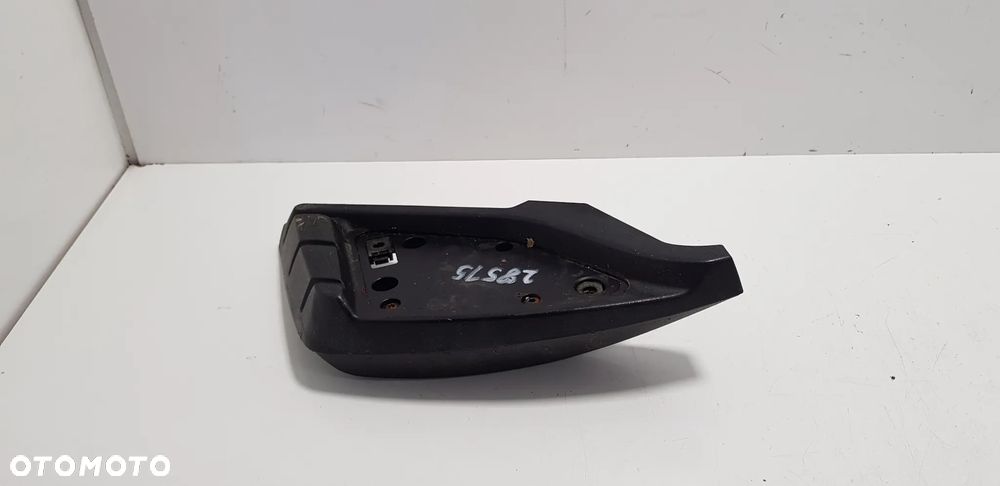 Gilera Fuoco 500 Podłoga Stopień Prawy - 1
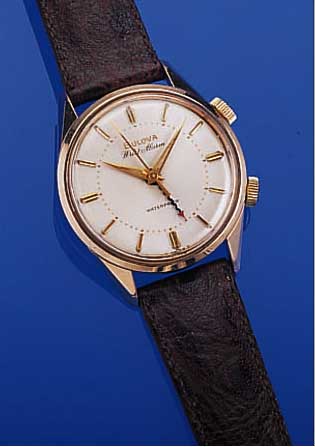 BULOVA ARMBANDWECKER, REF.-NR. 445/1, SCHWEIZ UM 1962, METALL VERG., EDELSTAHLBODEN GESCHR., 17 ST., GEH- U. WECKWERK EIN FEDER- HAUS, ...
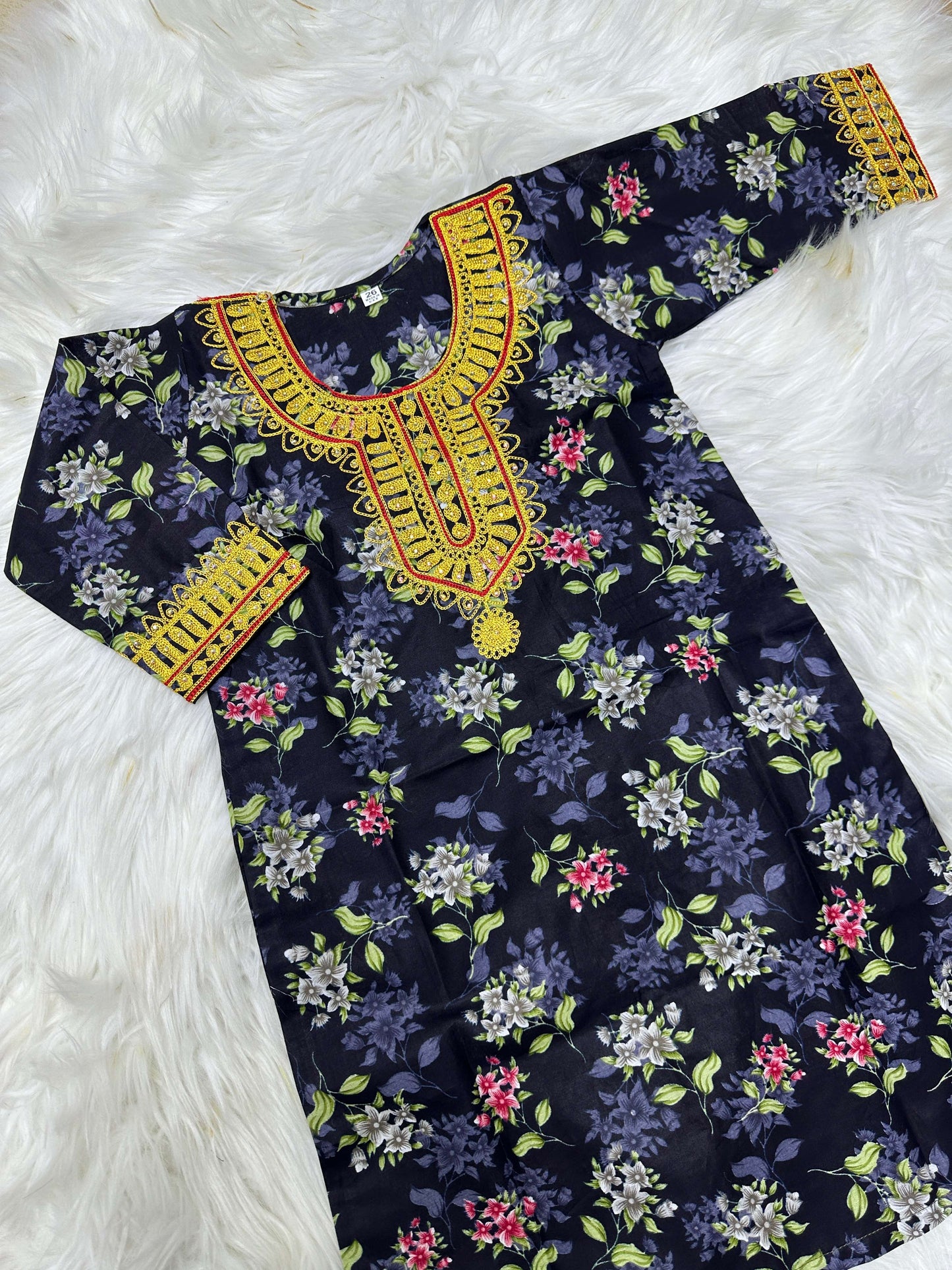 ملابس متنوعه للأطفال لعمر 3 شهور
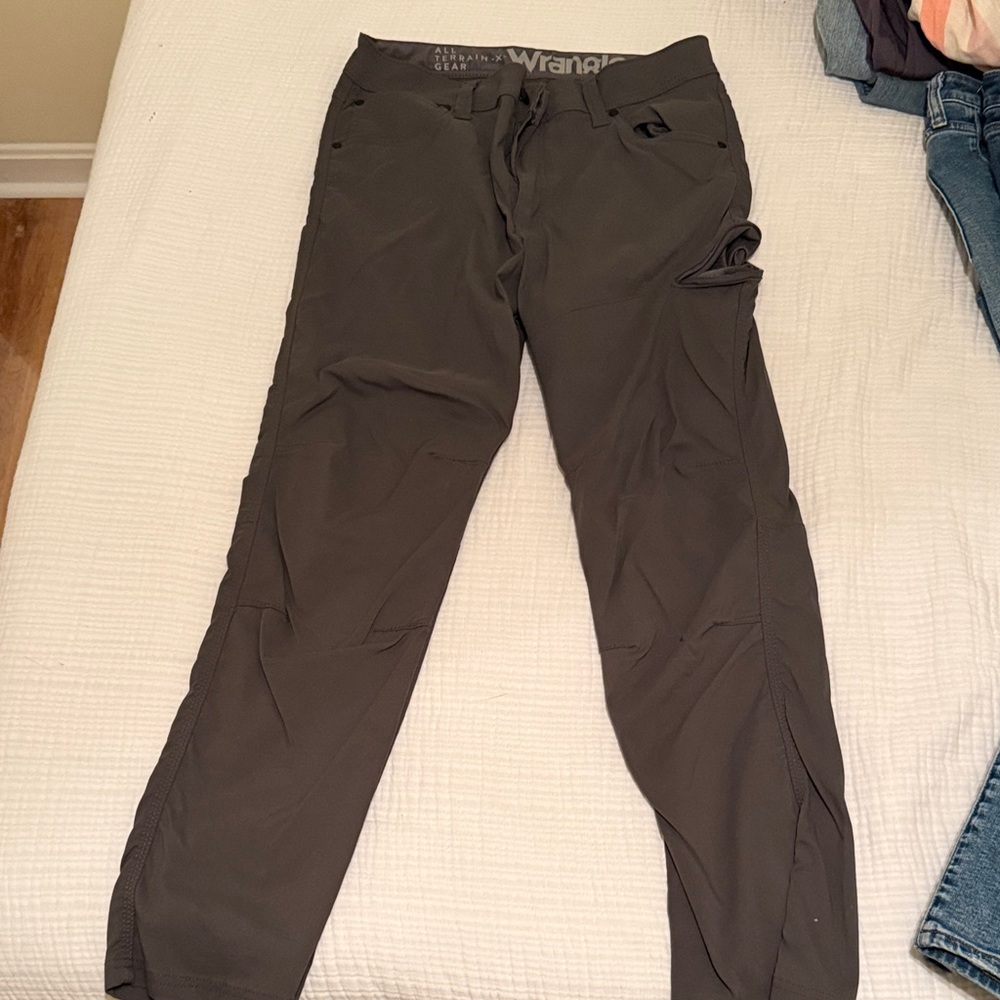 Wrangler Men's Charcoal Cargo Pants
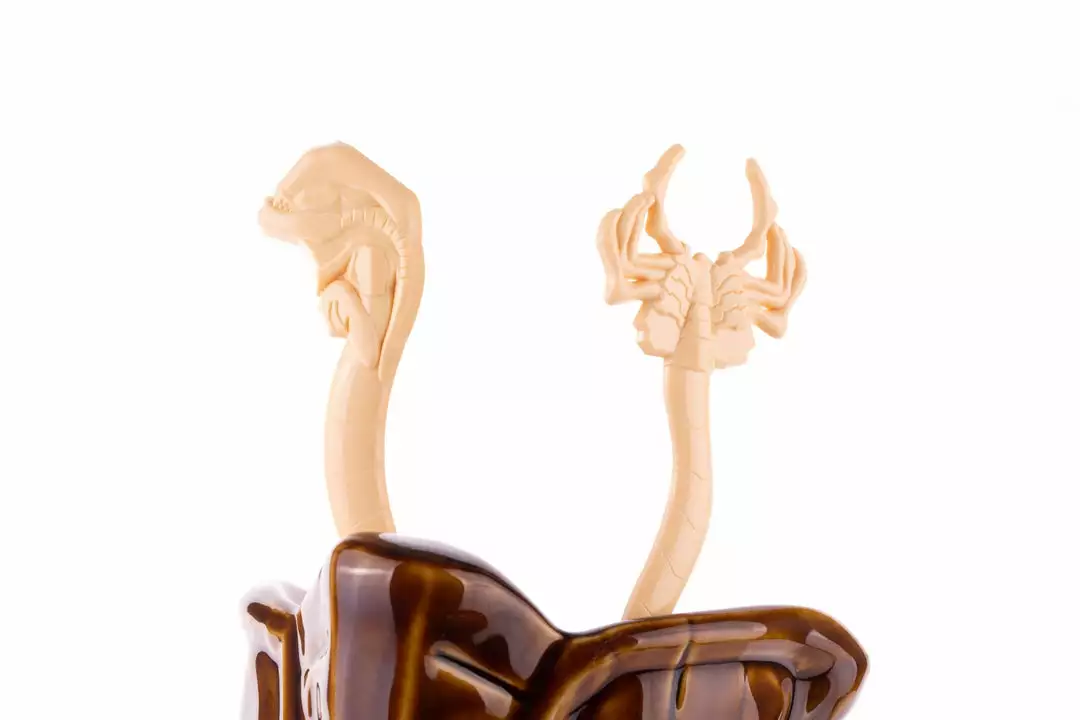 Mondo Tikis Alien Queen Tiki Mug (Alamo Variant) Mondo Tikis Alien Queen Tiki Mug (Alamo Variant)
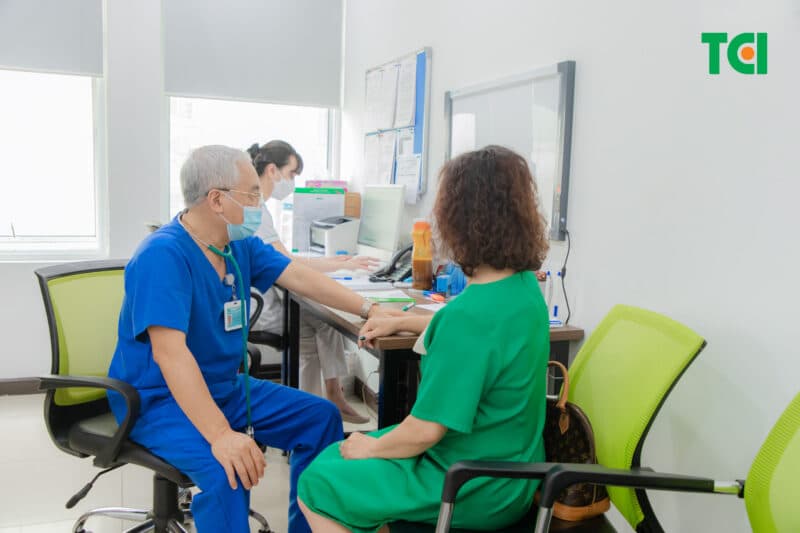 Khi nào cần đi khám nuốt khó ù tai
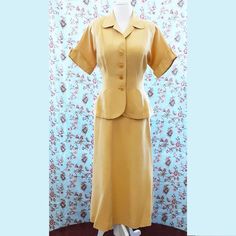 Vintage 1940s Yellow Spring Summer Suit Set Size M With Deco Curved Pockets - Etsy Vintage Formal Summer Sets, Vintage Summer Formal Sets, Vintage Formal Sets For Summer, Summer Suit, Womens Suits, Yellow Springs, Summer Suits, Suit Set, Suits For Women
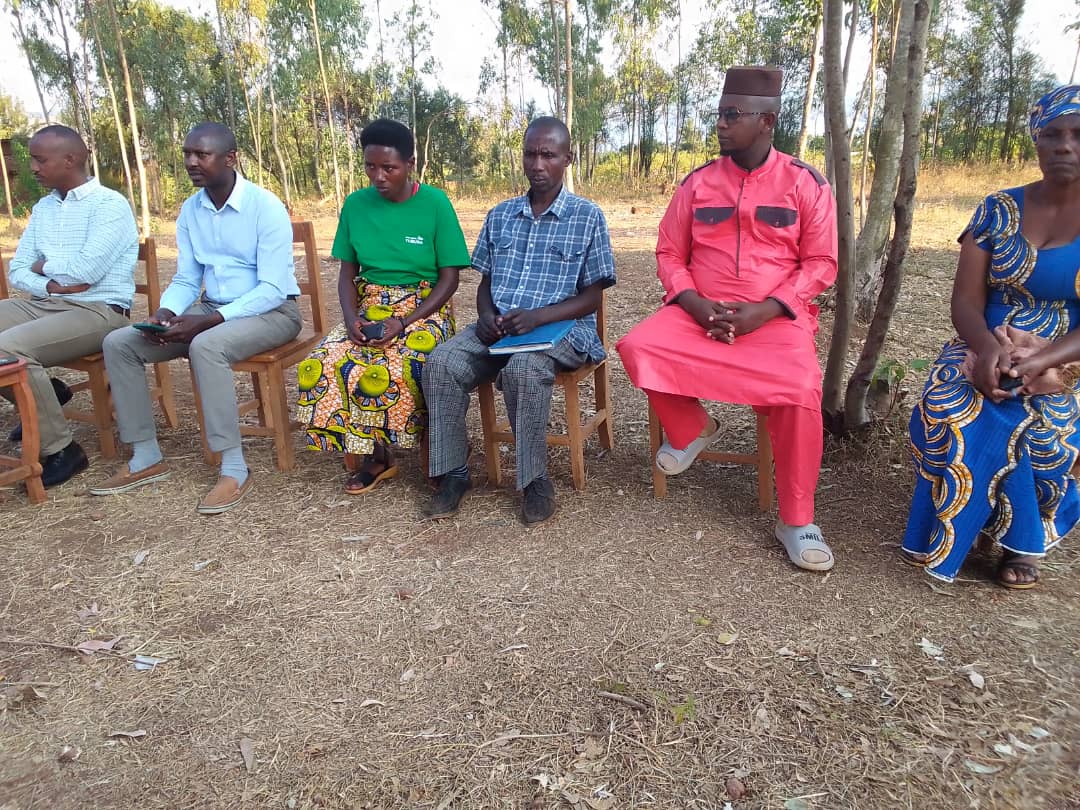 NgerukaBugesera's tweet photo. Ni muri gahunda y'Akarere yo kwegera inzego zegereye abaturage haganirizwa inzego zatowe mu mudugudu.Bwana @davimugiraneza, DES yaganirije abaturage b'Akagari ka Rutonde ku muryango utekanye kdi uteye imbere, ku cyambu ibyaha/ #crime free village,MUSA,uburere bw'abana n'isuku. https://t.co/yfQYwICEvM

**PROBLEM TO SOLVE:** Reproduce the records word for word, please, from their first line up to and including the line that contains "Wrangler Men's Charcoal Cargo Pants", but no pictures.

**RESULT OF THE EXERCISE:**
 Gilera Fuoco 500 Podłoga Stopień Prawy - 1
 BULOVA ARMBANDWECKER, REF.-NR. 445/1, SCHWEIZ UM 1962, METALL VERG., EDELSTAHLBODEN GESCHR., 17 ST., GEH- U. WECKWERK EIN FEDER- HAUS, ...
 ملابس متنوعه للأطفال لعمر 3 شهور
 Wrangler Men's Charcoal Cargo Pants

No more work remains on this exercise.